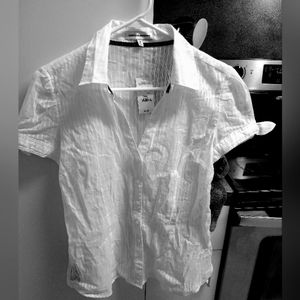 White button down casual shirt size M
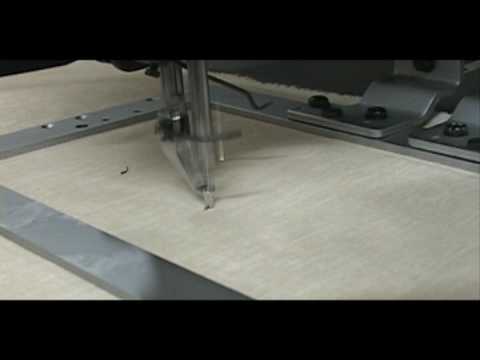 A Máquina Filigrana Eletrônica Zoje ZJ-5775 com campo de trabalho de 22 x 11 cm é capaz de criar lindos bordados com ...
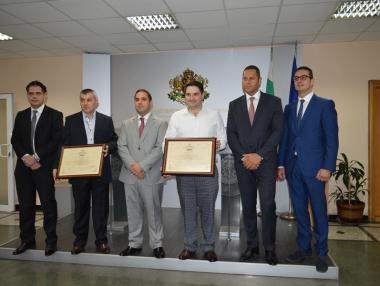 Две производствени компании разкриват 160 работни места у нас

Activity →
Return the whole listing word for word, minus its pictures.

Answer area →
 White button down casual shirt size M
 A Máquina Filigrana Eletrônica Zoje ZJ-5775 com campo de trabalho de 22 x 11 cm é capaz de criar lindos bordados com ...
 Две производствени компании разкриват 160 работни места у нас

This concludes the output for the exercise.